- Published on
Do you really know constexpr?
- Authors
- Name
- Gautam Sharma
- @iamgs_
Sneakiness of constexpr
I am assuming in your C++ journey, you might have come across constexpr for sure. While on the surface it looks like you are defining a constant expression, the questions is are you really doing that?
The answer is yes and no.
Yes how?
If you are defining a variable as a constant, you are telling the compiler that the value of this variable is known at compile time (linking time to be accurate) and is constant:
constexpr int a = 10; // Valid use
constexpr int b; // Will give a compiler error since value of b is unknown
In easy terms, every constexpr variable is const but not vice-versa.
No how?
The real sneakiness of constexpr comes into play with functions. It is not guaranteed that a function defined as constexpr will indeed be evaluated at compile time. Here are two scenarios:
All arguments of the function are available at compile time
The function will hence be computed at compile time. Example:
constexpr int arg1 = 10;
constexpr int arg2 = 20;
constexpr int sum(int a, int b){
return a + b;
}
sum(arg1,arg2); // Evaluated at compile time
int arr[sum(arg1,arg2)]; // Will compile fine
One or more arguments of the function are not available at compile time
The function will be computed at runtime. Example:
const int arg1;
constexpr int arg2 = 20;
constexpr int sum(int a, int b){
return a + b;
}
sum(arg1,arg2); // Evaluated at run time
int arr[sum(arg1,arg2)]; // Will not compile
You can achieve two functionalities with this trick. You can make your function behave differently for different arguments.
Wrapping up
constexpr functions only work with literal types as arguments and return types. Literal types include every built-in type except for void.
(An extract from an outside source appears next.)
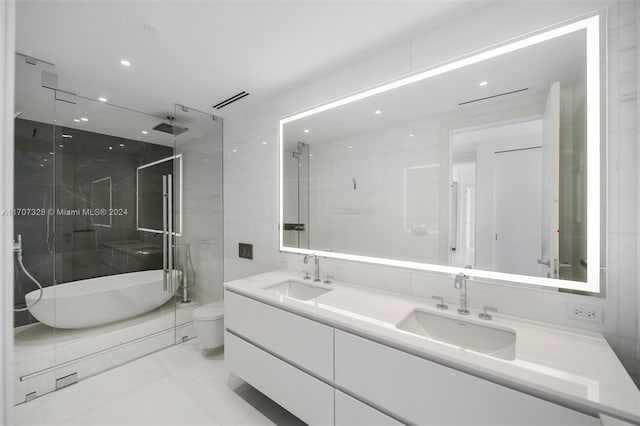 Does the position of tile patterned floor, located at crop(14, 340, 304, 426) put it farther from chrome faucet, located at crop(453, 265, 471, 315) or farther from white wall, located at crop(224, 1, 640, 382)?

It can also work with any user-defined types as well only if the user type has a constexpr constructors and member functions.
Example:
class Database{
std::string _fileName;
public:
constexpr Database(std::string fileName): _fileName(fileName){};
constexpr std::string serialize(){
// some logic here
}
};
constexpr Database db("someFileName");
constexpr serializationResult = db.serialize();
Note
Remember I said that constexpr functions do not work with void. Since C++14, setters are allowed to have a void return type as constexpr expressions.
Also, be very careful in defining any epxressions as constexpr. Once you do that, it's very difficult to revert back because your clients will suddenly start getting compile time errors.
Hope this helps.
Signing out,
-G